● HOW TO COMPLETE THIS TASK
Find the line below with "करते कांवरिये। मानिकपुर" and the line with "MITSUBISHI FUSOU FIGHTER 2012 Image 31". Output them and the lines between, exactly, but not the pictures.

● EXERCISE DATA
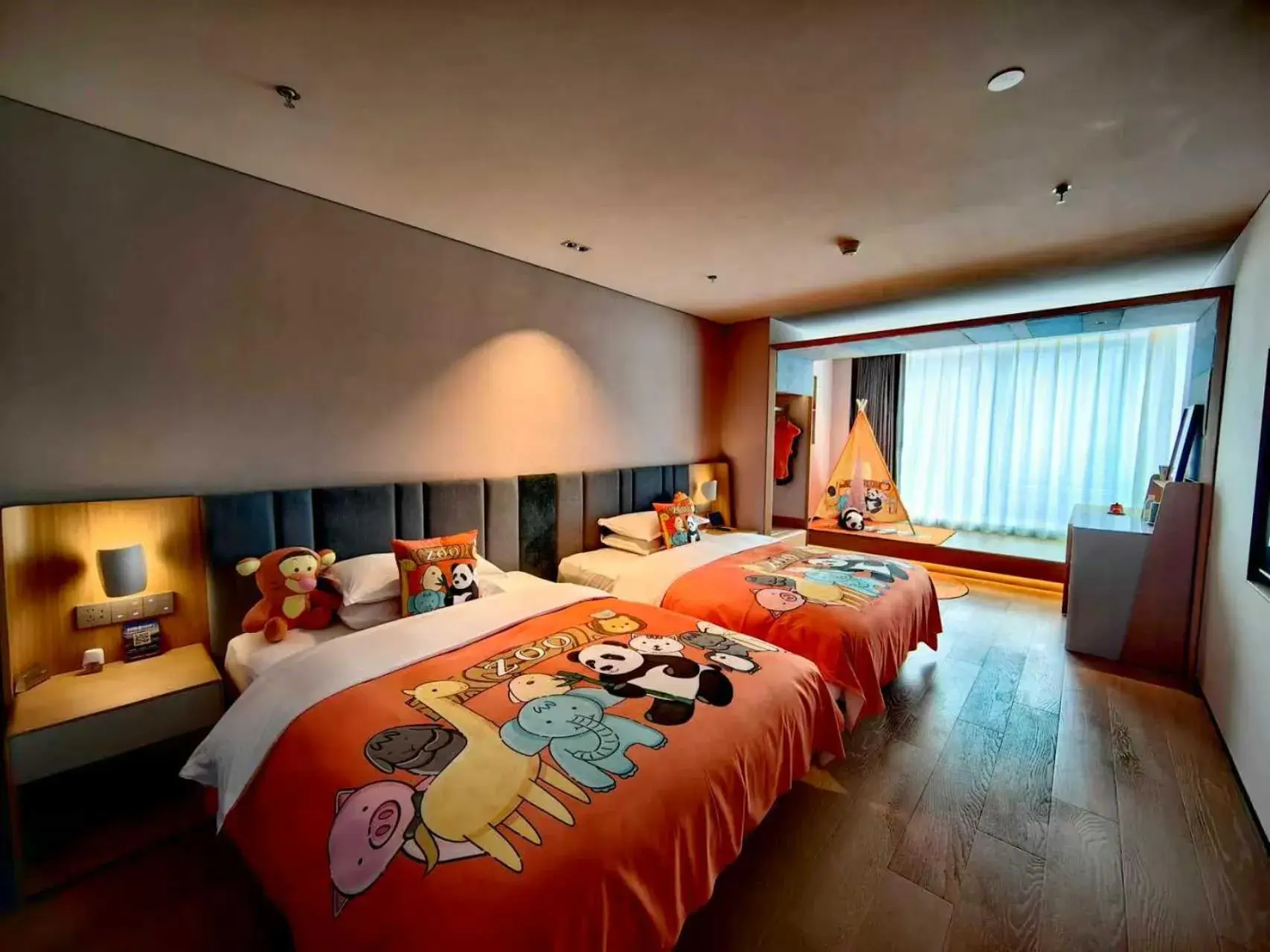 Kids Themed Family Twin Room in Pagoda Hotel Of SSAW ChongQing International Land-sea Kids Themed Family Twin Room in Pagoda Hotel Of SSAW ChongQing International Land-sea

...

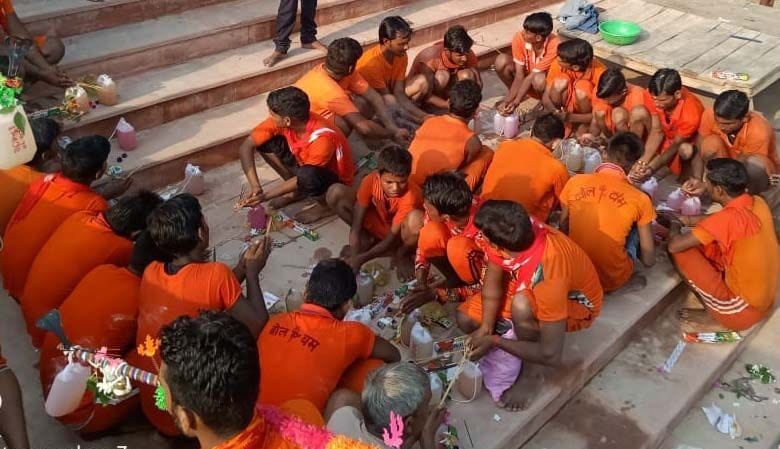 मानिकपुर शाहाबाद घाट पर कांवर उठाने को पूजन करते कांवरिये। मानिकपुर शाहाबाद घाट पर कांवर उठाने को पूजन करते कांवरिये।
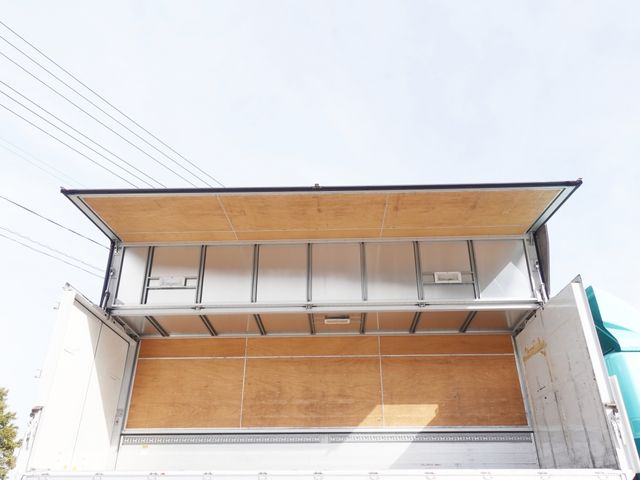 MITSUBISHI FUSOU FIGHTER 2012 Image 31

* * *

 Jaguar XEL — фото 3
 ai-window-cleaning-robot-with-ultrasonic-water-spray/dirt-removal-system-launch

● WORKED SOLUTION
 मानिकपुर शाहाबाद घाट पर कांवर उठाने को पूजन करते कांवरिये। मानिकपुर शाहाबाद घाट पर कांवर उठाने को पूजन करते कांवरिये।
 MITSUBISHI FUSOU FIGHTER 2012 Image 31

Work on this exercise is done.